Vatican City (AsiaNews) The journey to Poland, especially the memory of horrors evoked during the visit to the extermination camp of Auschwitz-Birkenau, were recalled by Benedict XVI in his first general audience since returning from Krakow.
Addressing 35,000 people in St Peter's Square, the pope thus remembered Auschwitz once again. The words he spoke today revealed the inconsistency of attempts at controversy that followed his dramatic address on Sunday in Birkenau camp. Benedict XVI explicitly mentioned six million Jews killed in the Shoah, he condemned "racial hatred" and hence anti-Semitism, reiterating that he saw the Nazism project as a bid to "eliminate God to take his place", God who instead "calls us all in Christ to build a world of justice, truth and peace" in shared fatherhood. And all Christians, he added, should feel a commitment to testify to the firmness of their faith, "to avoid that mankind of the third millennium will ever again know such horrors like those tragically evoked by the extermination camp of Auschwitz-Birkenau".
"Faced with the horror of Auschwitz in fact there is no other response other than the Cross of Christ: Love that descended to the depths of evil to save man at the source, where his freedom could rebel against God.
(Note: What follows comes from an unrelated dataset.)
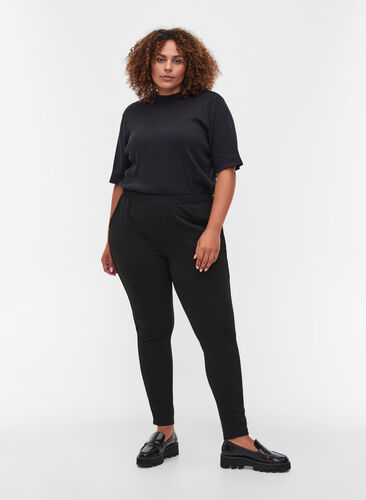 Pants with pockets and piping, Black, Model image number 0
Let modern humanity not forget Auschwitz and the other 'factories of death' in which the Nazi regime sought to eliminate God to take his place! Let mankind not cede to the temptation of racial hatred, which is at the root of the worst forms of anti-Semitism! May men recognize that God is the Father of all and all are called in Christ to build a world of justice, truth and peace together!"
Talking about his trip to Poland, Benedict XVI first drew particular attention to the journey made in the footsteps of the life of the "priest and bishop Karol Wojtyla". Among the steps remembered, he mentioned Wadiwice, "the place that became famous because Karol Wojtyla was born and baptized there", saying: "Visiting offered me the opportunity to thank the Lord for the gift of this tireless servant of the Gospel. The roots of his robust faith, of his humanity, so sensitive and open, of his love for beauty and truth, of his devotion to Our Lady, of his love for the Church and especially of his vocation to holiness, are in this town, where he received his initial education and formation."
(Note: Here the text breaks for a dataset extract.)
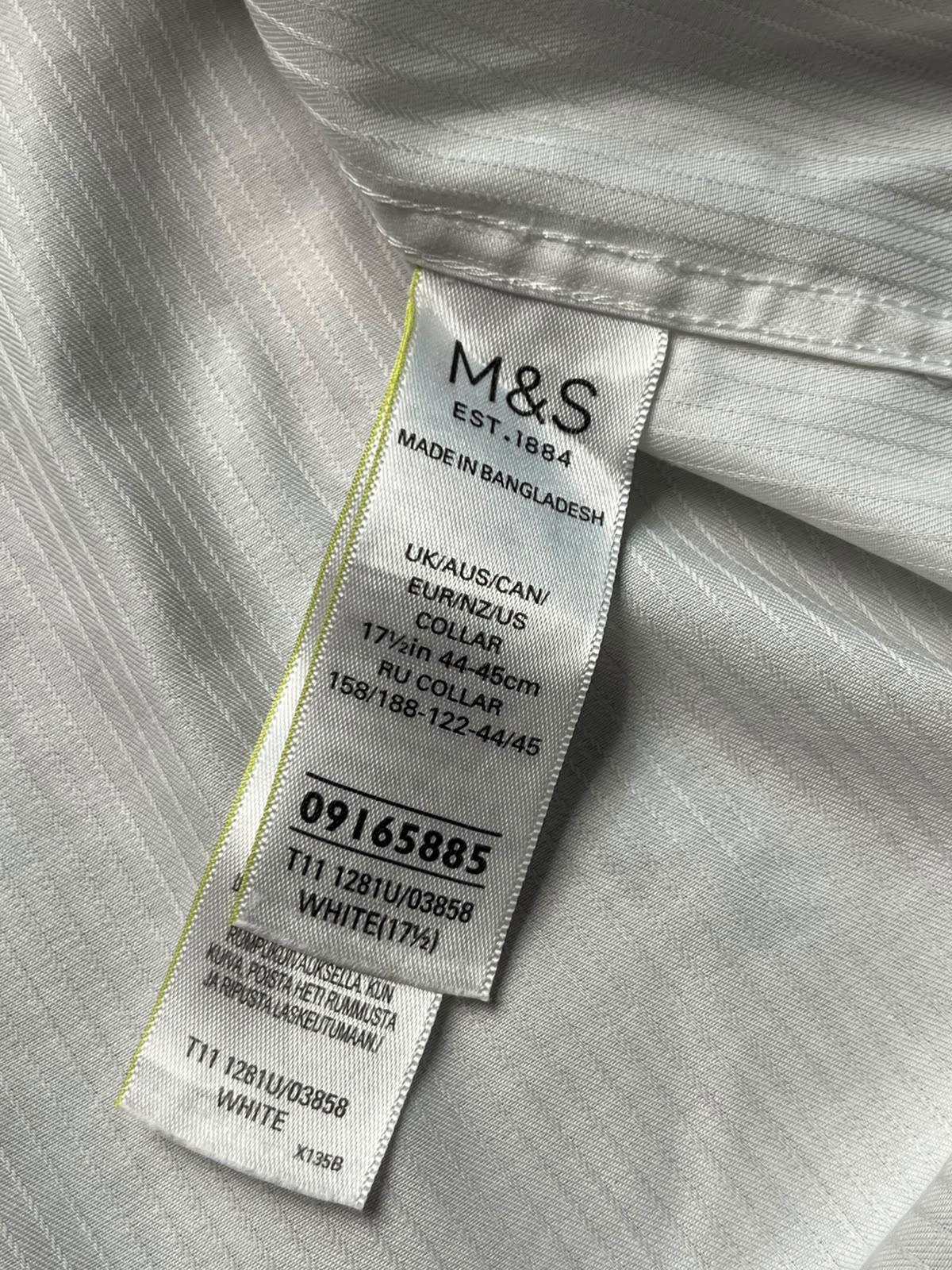 M&S Marks & Spencer Regular Fit White Cotton BUTTON DOWN SHIRT - XL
Finally, recalling the concluding celebration of the visit on Sunday morning in Krakow, the pope described it as a "liturgical meeting animated by extraordinary participation of the faithful, in the very Park where the night before a meeting was held with youth. I took the opportunity to renew among the Poles the stupendous proclamation of Christian truth about man, created and redeemed by Christ; that truth that John Paul II proclaimed so many times with vigour, to encourage all to be strong in faith, hope and love."